En los Arcanos Menores sustituye los títulos thothianos —como Love o Debauch— por el nombre desnudo de la carta, como 2 de Copas.
Ese pequeño cambio elimina la etiqueta iniciática que suele condicionar la lectura antes de mirar la imagen. Sigue siendo un Thoth en estructura, pero obliga menos a recitar a Crowley y deja más sitio para que la escena haga su trabajo.
El Thoth clásico tiene una virtud enorme y un vicio igual de grande: a veces parece que, antes de sacar una carta, hay que aprobar una oposición a cábala, astrología y terminología crowleyana. El Millennium Thoth no renuncia a esa arquitectura; lo interesante es que le baja un poco el volumen al aparato.
Su gesto más inteligente está en los Arcanos Menores: donde el Thoth tradicional coloca esos títulos cargadísimos —Love, Debauch, Satiety y compañía—, aquí encontramos el nombre directo de la carta. Un 2 de Copas vuelve a ser un 2 de Copas. Parece una minucia editorial, pero no lo es. En el Thoth, esas palabras funcionan casi como subtítulos con megáfono: orientan, estrechan o dramatizan la interpretación antes de que una haya tenido tiempo de mirar. Y no siempre apetece que el mazo te diga de entrada que estás en la Depravación, gracias muy amables.

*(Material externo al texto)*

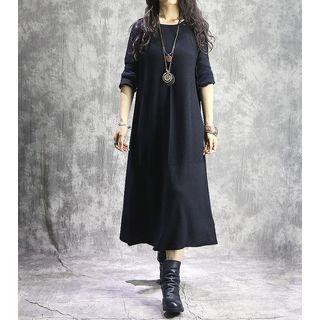 Elbow-sleeve A-line Midi Knit Dress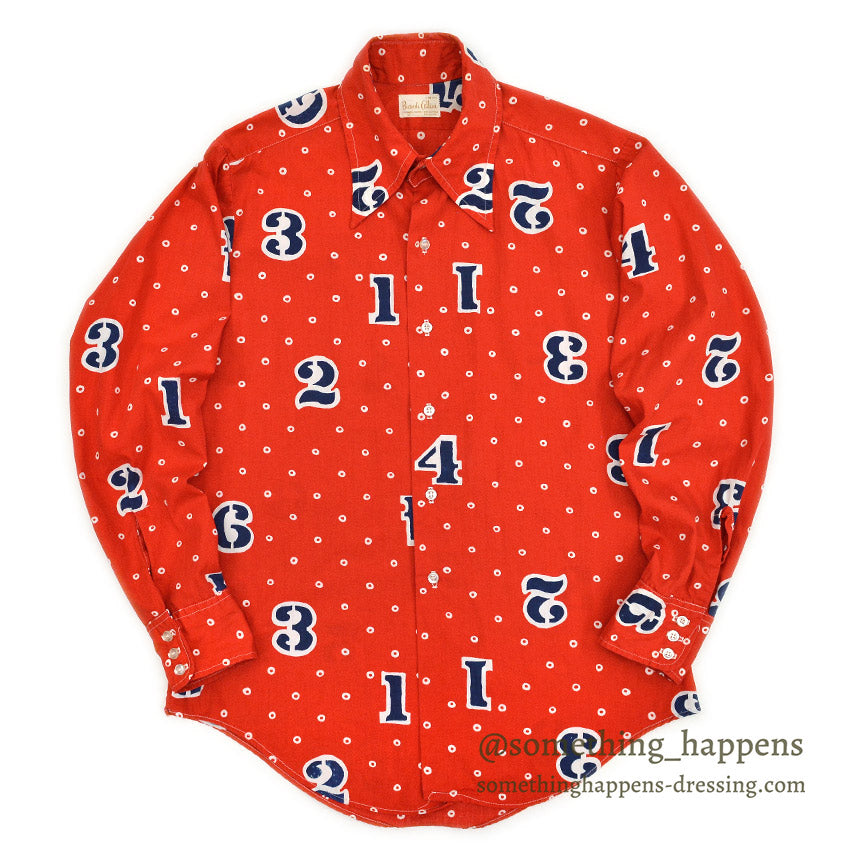 1970's BIANDI CELLINI NUMBERS DOTS COTTON RAYON SHIRT ... M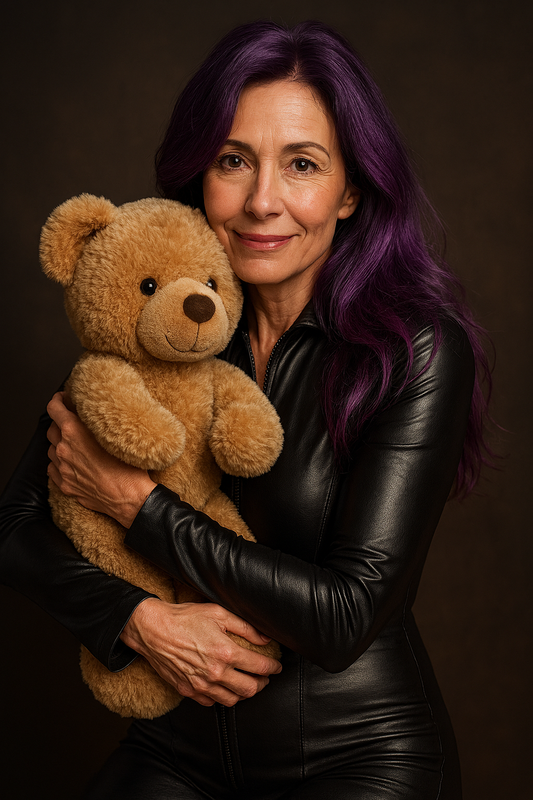 leather clad woman hugging a bear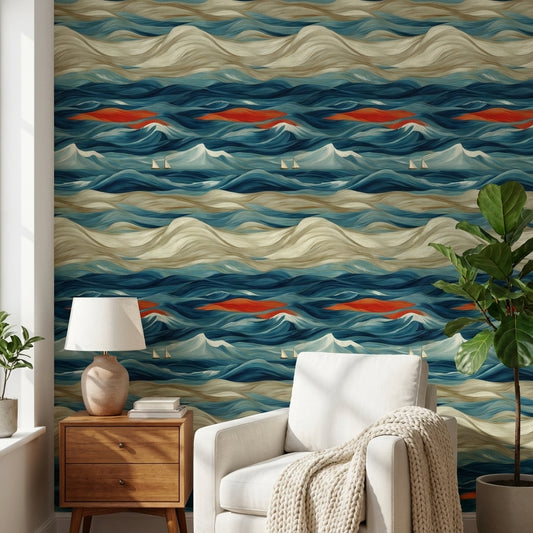 Abstract Wallpaper Ocean Waves Wall Mural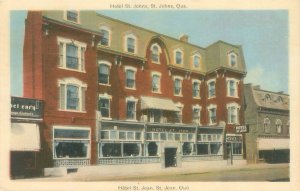 St Johns Quebec Canada Hotel St Johns  1938 White Border Postcard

Por eso esta edición tiene sentido si quieres trabajar con el esqueleto Thoth sin quedar secuestrada por su vocabulario más doctrinal. La ilustración puede respirar, la tirada puede ser más inmediata y los menores recuperan margen para la ambivalencia, que es donde el tarot suele ponerse verdaderamente interesante.
No me parece una simple versión oscura para la estantería: merece existir porque modifica un mecanismo concreto de lectura. Y eso, entre tanta baraja que cambia el vestido pero conserva exactamente el mismo discurso, ya es bastante.